■ Problem details:
Would you please repeat, word for word, only the lines from the one holding "Portrait d'un homme" through the one holding "A bride and" in the material below, without the pictures?

■ Input:
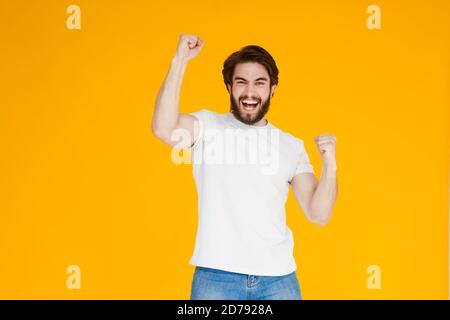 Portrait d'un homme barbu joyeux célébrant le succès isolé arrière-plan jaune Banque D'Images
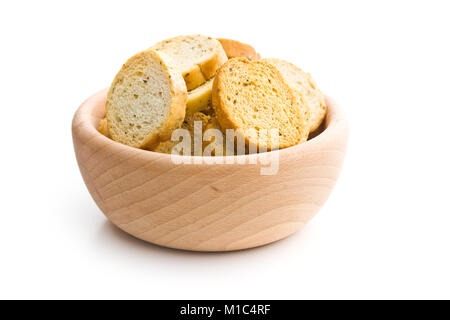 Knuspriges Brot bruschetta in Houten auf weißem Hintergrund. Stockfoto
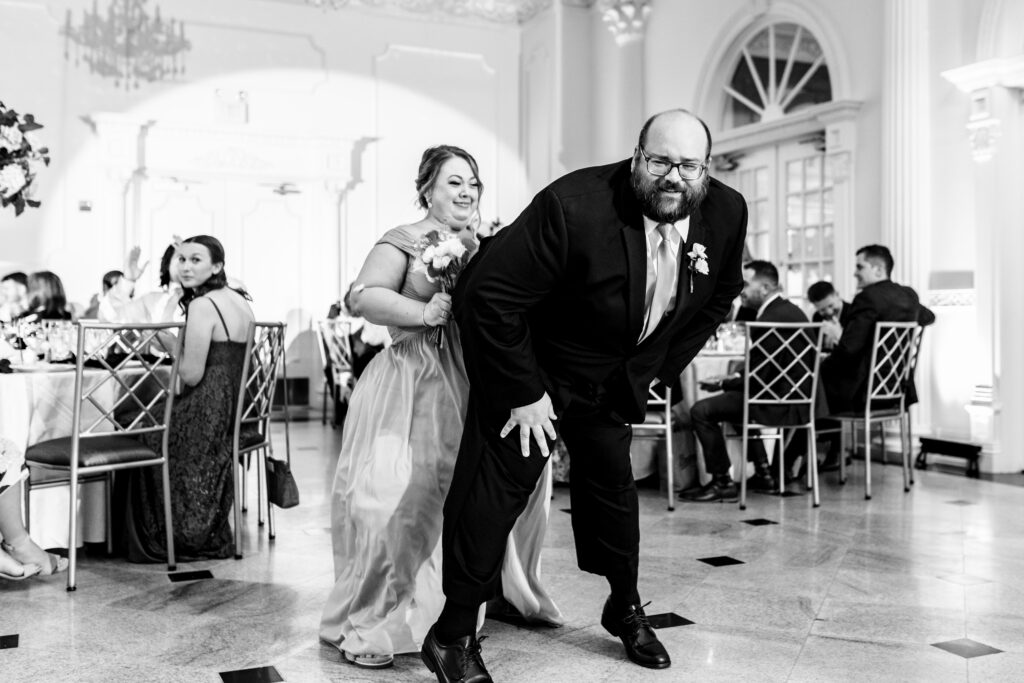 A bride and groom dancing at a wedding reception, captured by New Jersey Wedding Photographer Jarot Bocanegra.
* * *
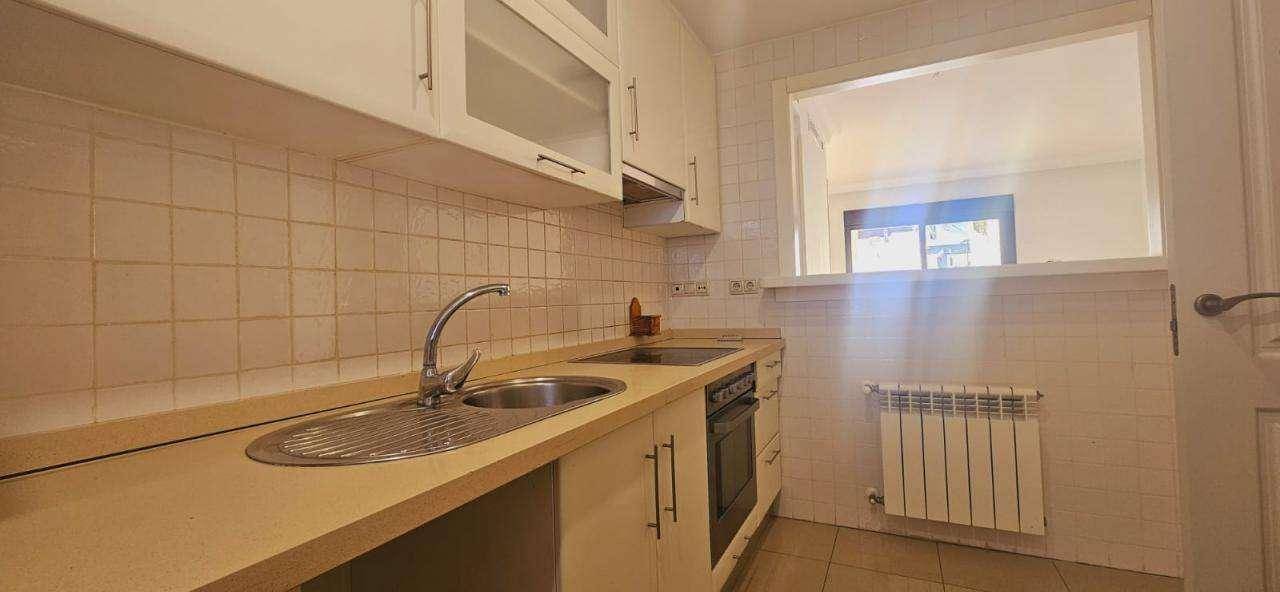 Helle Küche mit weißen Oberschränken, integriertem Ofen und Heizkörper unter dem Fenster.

■ Written answer:
 Portrait d'un homme barbu joyeux célébrant le succès isolé arrière-plan jaune Banque D'Images
 Knuspriges Brot bruschetta in Houten auf weißem Hintergrund. Stockfoto
 A bride and groom dancing at a wedding reception, captured by New Jersey Wedding Photographer Jarot Bocanegra.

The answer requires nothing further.